Security analysts who specialize in tracking terrorist groups like al-Qaida are expressing increasing concern that such organizations may use cyber-terrorism as a way to launch attacks inside the United States and other countries. They warn that computers can be used to severely damage critical infrastructure and have the potential to cause widespread bloodshed.

Security specialists say the United States and many other countries are now exposed to a host of terrorist threats from cyberspace, as the world's most developed nations increasingly rely on millions of computer networks and the Internet to run critical infrastructure.

A study released earlier this year by the White House says the primary concern is the danger of organized cyber attacks that could have devastating consequences for a wide variety of human and economic targets.

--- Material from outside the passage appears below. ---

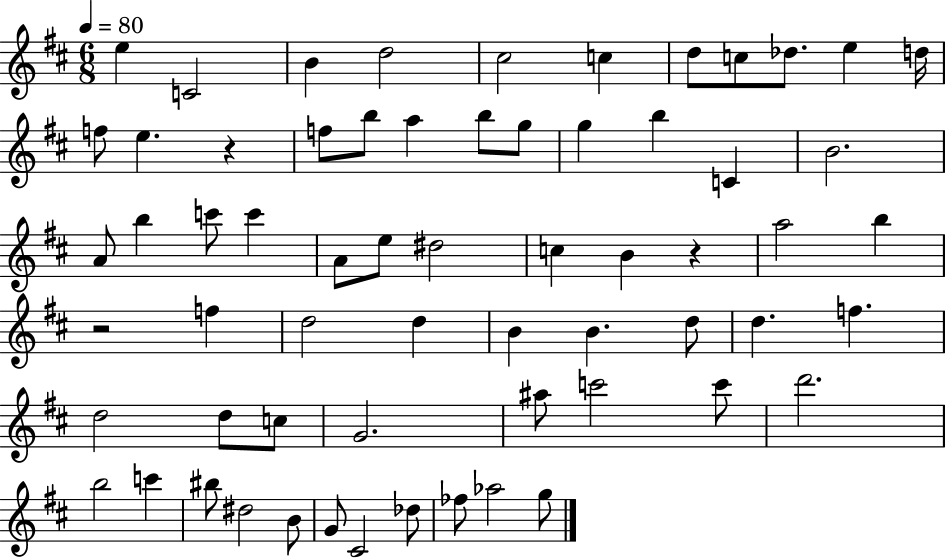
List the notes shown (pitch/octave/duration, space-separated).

E5/q C4/h B4/q D5/h C#5/h C5/q D5/e C5/e Db5/e. E5/q D5/s F5/e E5/q. R/q F5/e B5/e A5/q B5/e G5/e G5/q B5/q C4/q B4/h. A4/e B5/q C6/e C6/q A4/e E5/e D#5/h C5/q B4/q R/q A5/h B5/q R/h F5/q D5/h D5/q B4/q B4/q. D5/e D5/q. F5/q. D5/h D5/e C5/e G4/h. A#5/e C6/h C6/e D6/h. B5/h C6/q BIS5/e D#5/h B4/e G4/e C#4/h Db5/e FES5/e Ab5/h G5/e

Wayne Crews is the director of technology policy at the CATO Institute, a non-profit public-policy research foundation based in Washington.

Mr. Crews says the U.S. government and the private sector have become so dependent on computers and the Internet that they are very vulnerable to cyber-terrorism.

"Well I think we do have a problem," he said. "The nature of the beast now is that we have a public Internet that the private sector, for both good and bad, has opted to opt into. We are relying on it for our banking, commerce and everything. We do have vulnerabilities there. There are key networks, electrical grids and others that have openings to the Internet and vise-versa, so we do have these potential vulnerabilities where the Net can be attacked and we can face some kinds of threats."

Dan Verton is the author of a recently published book called Black Ice, the Invisible Threat of Cyber-Terrorism.

A retired intelligence officer in the U.S. Marine Corps, Mr. Verton says many people have what he calls a "perception problem" when thinking about who belongs to terrorist organizations.

Mr. Verton says the new, young terrorists are, as a puts it, not a "mindless horde of thugs living a hand-to-mouth existence in caves in Afghanistan."

"The problem is that we have failed to acknowledge that tomorrow's threat may not look like today's threat," said Dan Verton. "There is a real concern about the radicalization of young people around the world by the likes of Osama bin Laden and his supporters where these young people are getting a healthy dose of hatred for America on one hand, and, oh by the way, they are also being taught computer science, mathematics, and engineering."

It is those highly trained young terrorists, Mr. Verton says, that pose the biggest threat to America's infrastructure.

"The forms of terrorism that I am talking about, both the use of modern technology to complement traditional forms of terrorism and also the deliberate targeting in a physical sense of key cyber infrastructures that power the economy and national security, fit in perfectly with the strategic goals of groups like al-Qaida and others," he said.

A senior analyst with the Internet company Global Security.org, George Smith, is less critical of the government's efforts to make information technology more secure.

Mr. Smith says reports of cyber-threats are frequently accepted without serious evaluation.

"I have to be a realist that we have not seen any direct physical attacks that rise to the level that fit the long-term prognostications of the doomsayers," said George Smith.

The U.S. Department of Homeland Security is taking the threat seriously. Officials in the department have created a National Cyber Security Division that operates 24-hours a day, seven days a week.

Workers there are constantly monitoring cyberspace, issuing alerts and warnings, and preparing to respond to major incidents that could threaten the nation's economic and physical security.